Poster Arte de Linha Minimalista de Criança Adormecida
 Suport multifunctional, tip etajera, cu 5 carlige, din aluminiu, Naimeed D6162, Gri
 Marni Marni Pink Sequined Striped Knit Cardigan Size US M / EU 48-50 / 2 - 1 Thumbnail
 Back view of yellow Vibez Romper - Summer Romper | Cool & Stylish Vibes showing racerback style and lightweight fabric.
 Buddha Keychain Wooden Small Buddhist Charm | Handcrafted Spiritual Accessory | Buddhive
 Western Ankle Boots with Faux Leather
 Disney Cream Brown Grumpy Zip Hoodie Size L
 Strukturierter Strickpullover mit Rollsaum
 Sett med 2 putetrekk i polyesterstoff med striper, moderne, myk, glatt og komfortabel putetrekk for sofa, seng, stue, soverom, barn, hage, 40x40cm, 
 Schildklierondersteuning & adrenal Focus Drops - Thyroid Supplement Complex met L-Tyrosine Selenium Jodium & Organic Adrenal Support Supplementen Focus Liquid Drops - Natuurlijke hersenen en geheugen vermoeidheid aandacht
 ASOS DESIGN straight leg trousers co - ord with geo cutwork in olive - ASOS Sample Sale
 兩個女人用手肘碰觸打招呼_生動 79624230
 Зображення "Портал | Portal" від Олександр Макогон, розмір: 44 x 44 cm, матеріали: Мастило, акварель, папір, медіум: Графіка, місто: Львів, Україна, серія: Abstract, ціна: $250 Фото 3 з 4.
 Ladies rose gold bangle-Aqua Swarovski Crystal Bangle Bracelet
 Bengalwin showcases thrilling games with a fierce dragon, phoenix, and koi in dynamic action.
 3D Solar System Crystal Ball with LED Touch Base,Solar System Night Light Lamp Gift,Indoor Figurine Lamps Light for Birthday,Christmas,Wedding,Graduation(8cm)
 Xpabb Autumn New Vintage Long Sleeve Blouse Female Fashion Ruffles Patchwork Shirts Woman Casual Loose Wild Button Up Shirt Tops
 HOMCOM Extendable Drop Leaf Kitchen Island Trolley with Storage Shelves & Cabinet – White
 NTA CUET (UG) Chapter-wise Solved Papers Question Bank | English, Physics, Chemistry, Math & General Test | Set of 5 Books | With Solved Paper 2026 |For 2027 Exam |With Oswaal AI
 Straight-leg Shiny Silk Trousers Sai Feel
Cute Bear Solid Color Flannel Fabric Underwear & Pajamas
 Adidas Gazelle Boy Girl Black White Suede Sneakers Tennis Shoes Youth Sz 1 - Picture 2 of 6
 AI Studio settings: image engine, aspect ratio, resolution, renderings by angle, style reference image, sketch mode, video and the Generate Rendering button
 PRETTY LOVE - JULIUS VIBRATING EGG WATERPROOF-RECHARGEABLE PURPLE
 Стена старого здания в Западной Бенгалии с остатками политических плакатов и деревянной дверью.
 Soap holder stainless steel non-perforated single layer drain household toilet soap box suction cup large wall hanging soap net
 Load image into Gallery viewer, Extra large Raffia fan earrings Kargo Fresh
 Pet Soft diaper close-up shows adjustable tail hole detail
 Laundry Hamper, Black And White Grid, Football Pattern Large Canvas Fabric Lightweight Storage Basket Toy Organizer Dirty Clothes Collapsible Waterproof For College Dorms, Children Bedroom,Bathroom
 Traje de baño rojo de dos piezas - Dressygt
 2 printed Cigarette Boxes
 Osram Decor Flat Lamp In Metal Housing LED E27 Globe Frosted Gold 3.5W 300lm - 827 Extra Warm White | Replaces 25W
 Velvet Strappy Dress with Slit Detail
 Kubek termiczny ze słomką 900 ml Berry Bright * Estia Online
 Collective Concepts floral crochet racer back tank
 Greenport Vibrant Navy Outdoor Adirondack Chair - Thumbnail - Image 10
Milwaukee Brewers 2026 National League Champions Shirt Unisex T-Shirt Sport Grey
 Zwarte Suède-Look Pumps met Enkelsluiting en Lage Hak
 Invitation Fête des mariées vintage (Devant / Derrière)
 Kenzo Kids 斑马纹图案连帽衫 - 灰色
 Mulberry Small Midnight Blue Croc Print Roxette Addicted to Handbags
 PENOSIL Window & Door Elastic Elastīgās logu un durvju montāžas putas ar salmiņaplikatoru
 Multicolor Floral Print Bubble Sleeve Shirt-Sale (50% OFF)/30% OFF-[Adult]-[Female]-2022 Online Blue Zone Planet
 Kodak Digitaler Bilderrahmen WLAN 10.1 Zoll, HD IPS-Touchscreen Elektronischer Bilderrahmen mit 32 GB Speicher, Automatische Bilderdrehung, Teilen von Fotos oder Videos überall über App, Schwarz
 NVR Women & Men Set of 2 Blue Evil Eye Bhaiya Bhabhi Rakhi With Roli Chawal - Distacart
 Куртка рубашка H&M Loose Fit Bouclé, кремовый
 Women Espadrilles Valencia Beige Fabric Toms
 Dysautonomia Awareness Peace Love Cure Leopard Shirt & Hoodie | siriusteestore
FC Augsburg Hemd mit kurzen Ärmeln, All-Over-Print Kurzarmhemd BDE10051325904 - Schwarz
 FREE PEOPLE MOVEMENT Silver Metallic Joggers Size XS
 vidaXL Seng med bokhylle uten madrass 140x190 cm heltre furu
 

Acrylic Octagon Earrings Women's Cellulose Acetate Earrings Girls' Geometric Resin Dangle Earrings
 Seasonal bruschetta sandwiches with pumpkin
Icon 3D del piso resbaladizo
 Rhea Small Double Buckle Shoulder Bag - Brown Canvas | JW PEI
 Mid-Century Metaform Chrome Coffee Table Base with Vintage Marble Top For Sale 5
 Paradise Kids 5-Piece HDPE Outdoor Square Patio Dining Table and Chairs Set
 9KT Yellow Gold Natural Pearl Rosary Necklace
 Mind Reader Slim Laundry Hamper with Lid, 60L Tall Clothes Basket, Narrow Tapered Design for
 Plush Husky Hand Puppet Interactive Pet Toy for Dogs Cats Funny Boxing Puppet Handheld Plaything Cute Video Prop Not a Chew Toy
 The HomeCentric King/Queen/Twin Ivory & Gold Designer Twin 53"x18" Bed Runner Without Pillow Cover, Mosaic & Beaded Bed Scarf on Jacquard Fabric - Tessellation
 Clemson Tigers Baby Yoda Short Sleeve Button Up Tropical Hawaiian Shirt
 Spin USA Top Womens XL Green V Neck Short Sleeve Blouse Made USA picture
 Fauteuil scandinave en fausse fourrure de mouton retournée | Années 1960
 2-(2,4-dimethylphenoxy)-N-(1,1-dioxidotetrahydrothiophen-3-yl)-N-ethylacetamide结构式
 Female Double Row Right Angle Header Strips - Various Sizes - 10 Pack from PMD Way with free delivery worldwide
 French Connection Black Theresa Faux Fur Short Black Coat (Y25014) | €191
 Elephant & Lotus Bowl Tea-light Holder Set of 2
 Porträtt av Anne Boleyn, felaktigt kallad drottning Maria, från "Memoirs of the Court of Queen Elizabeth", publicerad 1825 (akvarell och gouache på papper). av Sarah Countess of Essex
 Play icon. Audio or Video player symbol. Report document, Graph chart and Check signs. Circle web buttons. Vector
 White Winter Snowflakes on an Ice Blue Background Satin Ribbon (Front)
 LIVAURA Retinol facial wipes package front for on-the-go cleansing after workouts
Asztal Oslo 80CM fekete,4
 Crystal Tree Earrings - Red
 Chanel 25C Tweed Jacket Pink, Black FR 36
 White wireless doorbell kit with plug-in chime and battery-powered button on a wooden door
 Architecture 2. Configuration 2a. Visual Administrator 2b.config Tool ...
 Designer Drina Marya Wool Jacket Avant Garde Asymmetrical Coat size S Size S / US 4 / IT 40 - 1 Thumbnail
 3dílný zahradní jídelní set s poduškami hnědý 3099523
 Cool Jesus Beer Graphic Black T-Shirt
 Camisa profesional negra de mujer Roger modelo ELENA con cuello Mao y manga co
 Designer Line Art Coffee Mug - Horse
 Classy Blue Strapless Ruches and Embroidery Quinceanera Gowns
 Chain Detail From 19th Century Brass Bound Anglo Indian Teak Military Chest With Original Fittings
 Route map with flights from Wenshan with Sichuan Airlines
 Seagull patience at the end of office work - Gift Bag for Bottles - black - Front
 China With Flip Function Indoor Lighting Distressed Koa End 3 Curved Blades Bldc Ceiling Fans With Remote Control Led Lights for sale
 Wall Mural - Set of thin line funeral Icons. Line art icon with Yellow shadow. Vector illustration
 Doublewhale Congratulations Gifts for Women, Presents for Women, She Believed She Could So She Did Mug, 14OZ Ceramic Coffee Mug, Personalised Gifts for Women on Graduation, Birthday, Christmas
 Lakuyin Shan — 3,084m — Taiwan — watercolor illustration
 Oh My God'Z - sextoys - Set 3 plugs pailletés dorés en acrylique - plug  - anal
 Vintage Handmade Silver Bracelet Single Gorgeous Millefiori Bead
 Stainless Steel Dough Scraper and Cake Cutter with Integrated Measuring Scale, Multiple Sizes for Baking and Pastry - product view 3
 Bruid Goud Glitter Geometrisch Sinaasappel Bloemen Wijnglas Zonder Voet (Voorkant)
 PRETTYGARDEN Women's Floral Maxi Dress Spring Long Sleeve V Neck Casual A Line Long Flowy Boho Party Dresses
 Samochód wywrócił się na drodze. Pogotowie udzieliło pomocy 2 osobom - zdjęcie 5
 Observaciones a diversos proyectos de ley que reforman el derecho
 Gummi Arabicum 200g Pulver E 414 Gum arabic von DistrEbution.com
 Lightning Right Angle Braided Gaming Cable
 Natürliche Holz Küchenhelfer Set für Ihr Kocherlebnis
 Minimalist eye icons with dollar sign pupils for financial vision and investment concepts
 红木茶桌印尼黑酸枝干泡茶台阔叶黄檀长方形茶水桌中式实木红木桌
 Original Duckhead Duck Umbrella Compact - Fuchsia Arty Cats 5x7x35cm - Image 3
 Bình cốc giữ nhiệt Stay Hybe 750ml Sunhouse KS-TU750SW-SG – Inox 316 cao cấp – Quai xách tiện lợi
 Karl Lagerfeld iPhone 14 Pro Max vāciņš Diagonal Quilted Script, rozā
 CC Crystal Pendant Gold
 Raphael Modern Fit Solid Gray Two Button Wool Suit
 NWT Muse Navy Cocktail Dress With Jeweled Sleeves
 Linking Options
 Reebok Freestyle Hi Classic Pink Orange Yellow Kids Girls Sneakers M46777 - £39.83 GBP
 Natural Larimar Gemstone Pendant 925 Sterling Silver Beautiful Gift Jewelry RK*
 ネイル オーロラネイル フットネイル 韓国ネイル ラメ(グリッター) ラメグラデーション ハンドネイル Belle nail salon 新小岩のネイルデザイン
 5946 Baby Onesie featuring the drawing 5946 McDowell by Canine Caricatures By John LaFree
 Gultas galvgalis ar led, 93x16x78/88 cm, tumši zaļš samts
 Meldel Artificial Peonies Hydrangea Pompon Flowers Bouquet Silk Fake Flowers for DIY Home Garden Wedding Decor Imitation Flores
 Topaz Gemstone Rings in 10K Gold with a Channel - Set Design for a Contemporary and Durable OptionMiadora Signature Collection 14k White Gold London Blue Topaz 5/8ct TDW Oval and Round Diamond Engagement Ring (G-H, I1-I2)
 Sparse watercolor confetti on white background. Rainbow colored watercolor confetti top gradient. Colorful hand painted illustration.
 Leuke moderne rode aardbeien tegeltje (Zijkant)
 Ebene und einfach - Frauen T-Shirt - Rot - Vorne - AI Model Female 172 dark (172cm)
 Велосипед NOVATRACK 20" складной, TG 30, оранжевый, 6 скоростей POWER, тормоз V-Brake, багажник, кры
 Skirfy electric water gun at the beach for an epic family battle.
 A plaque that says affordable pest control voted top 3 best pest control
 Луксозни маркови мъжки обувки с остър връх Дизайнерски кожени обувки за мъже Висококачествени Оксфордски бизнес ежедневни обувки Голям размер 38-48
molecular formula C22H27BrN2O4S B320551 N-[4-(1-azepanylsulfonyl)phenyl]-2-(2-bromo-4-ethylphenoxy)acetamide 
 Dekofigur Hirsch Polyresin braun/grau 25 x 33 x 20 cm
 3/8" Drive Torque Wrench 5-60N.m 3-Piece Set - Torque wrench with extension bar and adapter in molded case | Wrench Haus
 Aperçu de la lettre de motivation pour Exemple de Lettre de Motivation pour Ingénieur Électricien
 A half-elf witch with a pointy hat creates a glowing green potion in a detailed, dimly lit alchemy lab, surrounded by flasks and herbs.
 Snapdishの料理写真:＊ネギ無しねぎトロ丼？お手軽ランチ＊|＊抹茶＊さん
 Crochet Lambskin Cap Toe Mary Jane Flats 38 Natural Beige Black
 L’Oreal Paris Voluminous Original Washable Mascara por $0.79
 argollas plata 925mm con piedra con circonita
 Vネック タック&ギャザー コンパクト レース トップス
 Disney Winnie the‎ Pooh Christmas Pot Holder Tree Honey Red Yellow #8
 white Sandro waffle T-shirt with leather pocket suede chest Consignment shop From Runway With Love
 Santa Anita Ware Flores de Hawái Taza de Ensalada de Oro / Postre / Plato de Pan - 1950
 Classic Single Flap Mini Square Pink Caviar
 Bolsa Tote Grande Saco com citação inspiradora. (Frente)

[PROBLEM TO WORK ON] In the records, which lines mention the word "Indoor"? Copy those lines.

[EXERCISE RESPONSE]
 3D Solar System Crystal Ball with LED Touch Base,Solar System Night Light Lamp Gift,Indoor Figurine Lamps Light for Birthday,Christmas,Wedding,Graduation(8cm)
 China With Flip Function Indoor Lighting Distressed Koa End 3 Curved Blades Bldc Ceiling Fans With Remote Control Led Lights for sale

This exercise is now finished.